This is not the first time that hedge funds’ influence over markets has come in for criticism. Characterized as the Masters of the Universe in the 1980s, they’d taken a chunk of the business of old-money bankers by the mid-2000s with the sheer size of their investments.
Now, hedge funds are losing market share along with other active managers as their $3 trillion industry is pilloried for high fees and under-performance by critics ranging from anti-capitalist protestors to billionaire Warren Buffett.
Singer, the founder of Elliott Management Corp., warned of the dangers of passive investing in a letter to clients last month, saying it damages markets because it doesn’t discriminate: If bad companies attract investment along with good companies, he said, there’s little incentive for them to create shareholder value.
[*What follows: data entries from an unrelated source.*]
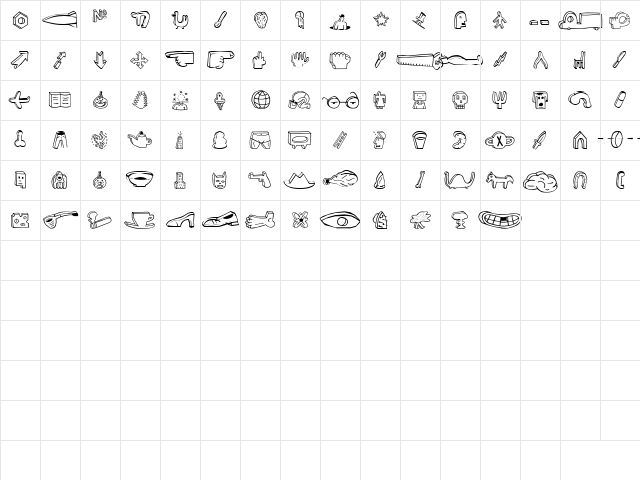 BlockheadIllustPlain Regular  glyph index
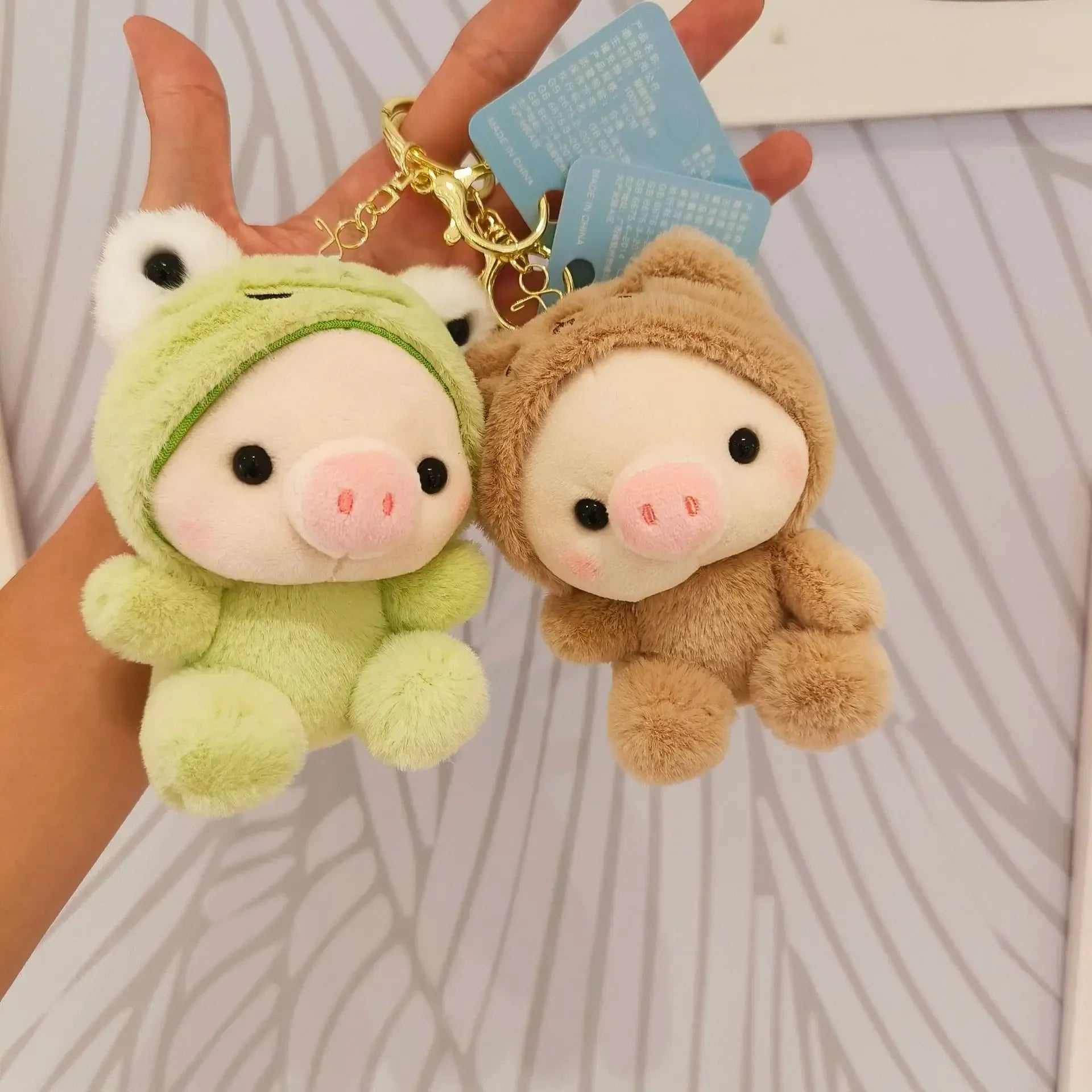 Costume Piggy Plush Keychain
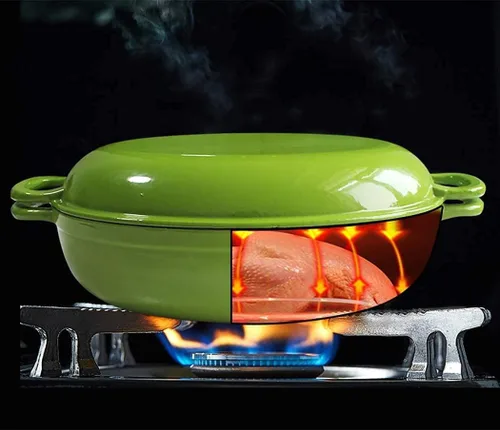 Miniatura 3 de Olla ovalada de hierro fundido, olla multiusos de hierro fundido, olla de doble uso, olla de suplemento alimenticio, olla de gas, cocina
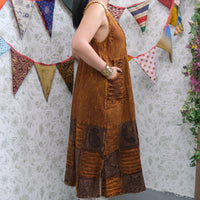 Patchwork Boho Ribbed Block Print Overall Cotton Maxi Dress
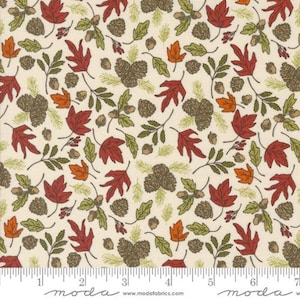 May include: A cream-colored fabric with a repeating pattern of red, orange, and green leaves, pine cones, and acorns. The fabric is perfect for quilting, crafts, and home decor.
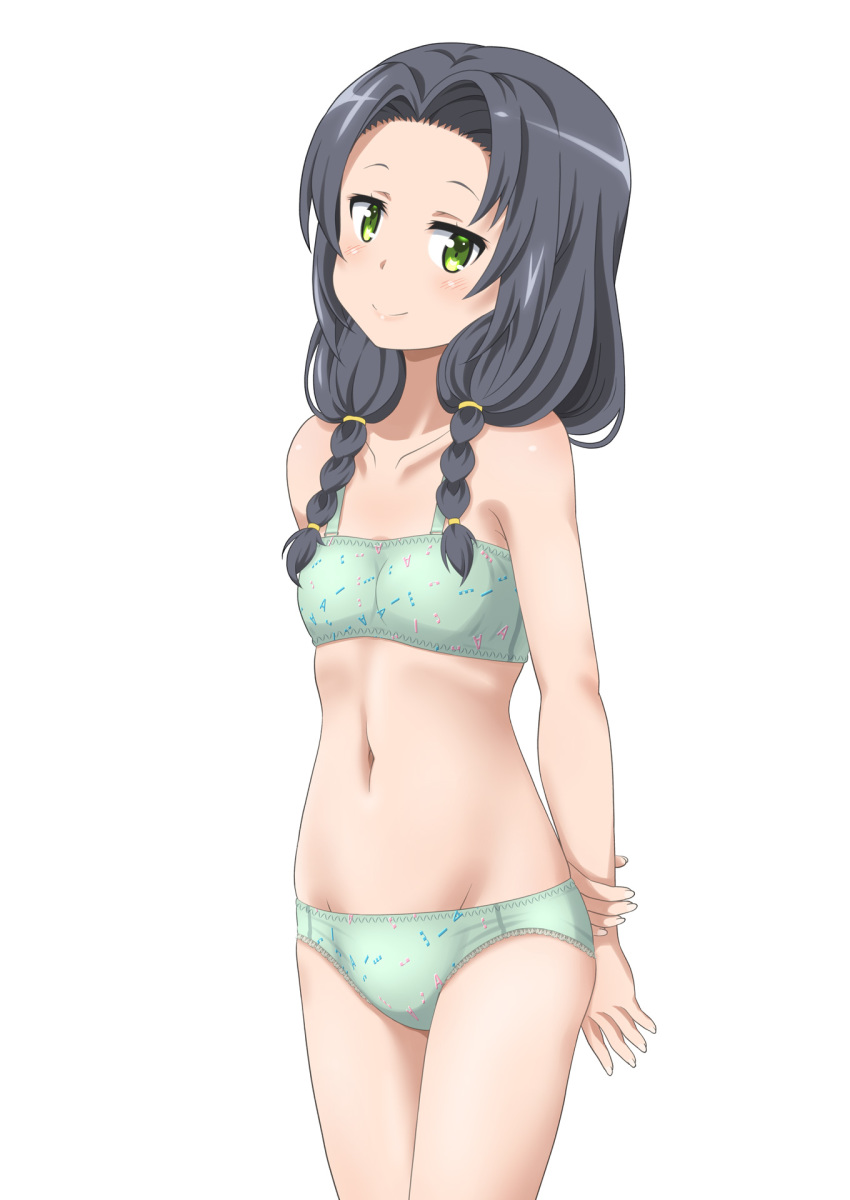 1girl, arms_behind_back, black_hair, bra, braid, breasts, collarbone, green_bra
The Elliott boss, whose main hedge funds manage $33 billion, is well known for his high-profile activist wagers, and argued that passive investing is a “blob,” whose practitioners aren’t really “investing” at all.
FCA Report
Active money managers who contributed to the Financial Conduct Authority’s recent study of the $9 trillion U.K. asset-management industry echoed these complaints. They told the regulator that the popularity of passive investing risks allocating money to larger companies at the expense of smaller ones that are less represented in indexes.
They also warned that hedge funds’ involvement in price setting is “leading to larger divergences between prices and long-term values,” according to the June report.
Yet critics of active management characterized the industry’s complaint as an attempt to mask its failure to deliver value and retain clients in a market where unprecedented quantitative easing is damping price swings while sending stocks to record highs.
“It’s the last roll of the dice,” said Alan Miller, founding partner and chief investment officer at London-based wealth manager SCM Direct. Miller is a well-known campaigner against hidden fees in the industry, while his business partner and wife, Gina, recently came to prominence by taking the British government to court over its Brexit plans.
“The active asset-management industry is obviously under huge pressure because its performance has been disappointing for a long time,” he said. “It’s trying to cling on, with a feeble excuse to justify its existence.”